2. in Gentoo there is a script called revdep-rebuild that I use after every single update session. this scripts detects if there is any binary on the system that's dynamically linked against a missing library.
your scenario would eventually generate a hit if remotely compiled packages are being installed, a lib was picked up accidentally and the lib is not properly marked as a dependency in the ebuild. while I guess this might happen, I have never seen this corner case on my systems - and I actually actively look for this kind of breakage.
a simplified FreeBSD version of this script is here btw: FreeBSD revdep-rebuild.sh , originally made for this breakage

3. during (library) package removals portage checks if the .so file that should be removed from the filesystem is used by any binary. if the answer is yes then the package is marked as removed, but the .so is kept on the filesystem until the package containing the binary that still used that lib is removed.

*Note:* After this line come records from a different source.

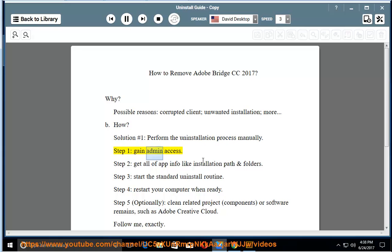Step 1: gain admin access. Step 2: get all of app info like installation path and folders.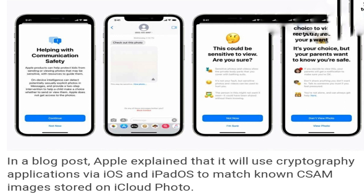Apple's new communication safety for Messages will blur a sensitive image and warn a child about the nature of the content. If enabled from the backend, the child could also be told that their parents have been alerted about the message they have viewed, and the same will apply if the child decides to send a sensitive message. Apple said Messages will use on-device machine learning to analyze image attachments and determine if a photo is sexually explicit, and that Apple will not get access to the messages.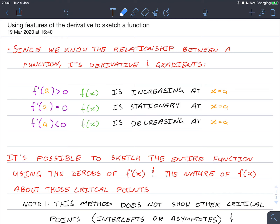Hello class. This is a video tutorial on using features of the derivative to sketch a function. Since we know the relationship between a function, its derivative and gradients: f prime of a greater than zero means the function is increasing, f prime of a equal to zero is a stationary point, and f prime of a less than zero means the function is decreasing.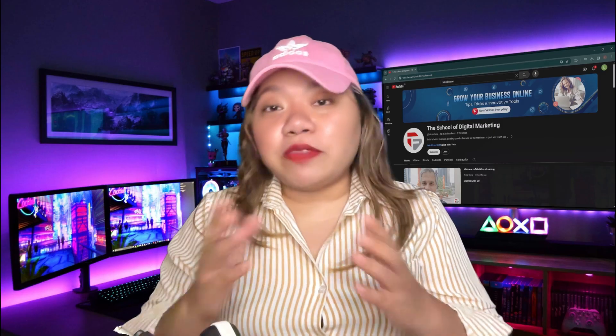So what do you think? If you found this video helpful, don't forget to like, subscribe, and comment down below. See you next time.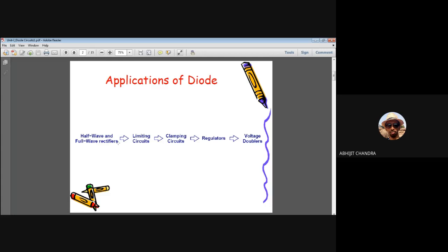There are two types of rectifiers broadly classified: the half-wave rectifier and the full-wave rectifier. Within the full-wave rectifier there are two further types based on architecture: the center-tap full-wave rectifier and the bridge rectifier. Let us investigate each circuit one by one, also considering different diode models.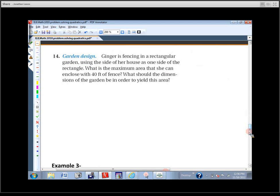Ginger is fencing a rectangular garden using the side of her house as one side of the rectangle. What is the maximum area she can enclose with 40 feet of fence? What should the dimensions be? Draw a picture — this is a lot like the swimming pool problem. Choose your variables smartly, then compare your drawing with a neighbor.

4. portage uses a sandbox to make sure that filesystem writes are limited to the build directory during the build process, but there is no special dependency-limiting chroot.

hope that helps, I never looked under the cover since python is not a language I understand.
 
Being a big user of audio pro software that are into external repositories, I shifted to gentoo and looked back only one time. But a few months later I was back to gentoo. And with time, I get really happy that gentoo support both openrc and systemd. So my machine are systemd free.

With gentoo, as it is a source based distribution, the dependencies of a given software are what is installed into the machine, which imply the external software from an overlay remain always in sync with the main tree.

Another gentoo goodies is that you can set the system to install a stable amd64 kernel and kernel headers, when the rest of the system is ~amd64 (something like debian testing), and get both a very stable system and the last software updates.